Now Reading
Complete Guide To Datetime Parsing With Pandas

Complete Guide To Datetime Parsing With Pandas

datetime parsing cover art

Time-series analysis and forecasting is one of the most widely applied machine learning problems. It finds applications in weather forecasting, earthquake prediction, space science, e-commerce, stock market prediction, medical sciences, and signal processing. While dealing with a time-series dataset, the data may contain the date, month, day, and time in any format. This is because people tend to use different date and time formats. Moreover, Python assumes a non-numbered entry as an object and a numbered entry as an integer or float. Hence, it is important to inform Python about the date and time entries. 

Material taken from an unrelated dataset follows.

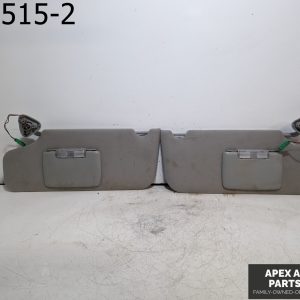 OEM 2005 Ford Freestyle 3L sun visor set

In this tutorial, we learn how to parse datetime using the Pandas library. Pandas is famous for its datetime parsing, processing, analysis and plotting functions. 

Import necessary libraries.

 import numpy as np
 import pandas as pd
 import matplotlib.pyplot as plt 

A simple time-series data

Load some simple time-series data.

 url = 'https://raw.githubusercontent.com/RajkumarGalaxy/dataset/master/TimeSeries/Algerian_forest_fires.csv'
 forestfire = pd.read_csv(url)
 forestfire.sample(10) 

Output:

original time-series dataset

We observe that there are three separate columns for day, month and year. Let’s look at the data type of these attributes.

forestfire.info()

Output:

Day, month and year values are in integers. We have to convert them to the datetime64 data type.

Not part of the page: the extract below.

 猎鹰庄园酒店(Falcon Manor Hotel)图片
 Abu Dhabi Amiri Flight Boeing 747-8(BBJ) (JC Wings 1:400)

 forestfire['date'] = pd.to_datetime(forestfire[['day', 'month', 'year']])
 forestfire.head() 

Output:

parsed date

We used the to_datetime method available in Pandas to parse the day, month and year columns into a single date column. We can drop the first three columns as they are redundant.  Further, we can check attributes’ data types

 forestfire.drop(columns=['day','month','year'], inplace=True)
 forestfire.info() 

Output:

The parsed date can be broken down into elements, i.e., day, month and year back.

 days = forestfire['date'].dt.day
 months = forestfire['date'].dt.month
 years = forestfire['date'].dt.year
 recon = pd.DataFrame(zip(days,months,years), columns = ['DAY','MONTH','YEAR'])
 recon.head() 

Output:

Another Dataset With Both Date And Time

Let’s load another time-series dataset that contains both date and time, but in two separate columns.

 airquality_url = 'https://raw.githubusercontent.com/RajkumarGalaxy/dataset/master/TimeSeries/AirQualityUCI.csv'
 # read first 5 columns for better visual clarity
 airquality = pd.read_csv(airquality_url, sep=';').iloc[:,:5]
 airquality.sample(5) 

Output:

original time-series dataset

This time-series dataset contains Date in one column and Time in another column. Check the data types of the attributes.

airquality.info()

Output:

As expected, both Date and Time columns are in object data type. In contrast to our previous example, the Date attribute is the DD/MM/YYYY format and the Time attribute is in the HH.MM.SS format. Whenever we know the format of either date or time, we should pass it as an argument to the to_datetime method. Refer to the official documentation here for more information about different formats.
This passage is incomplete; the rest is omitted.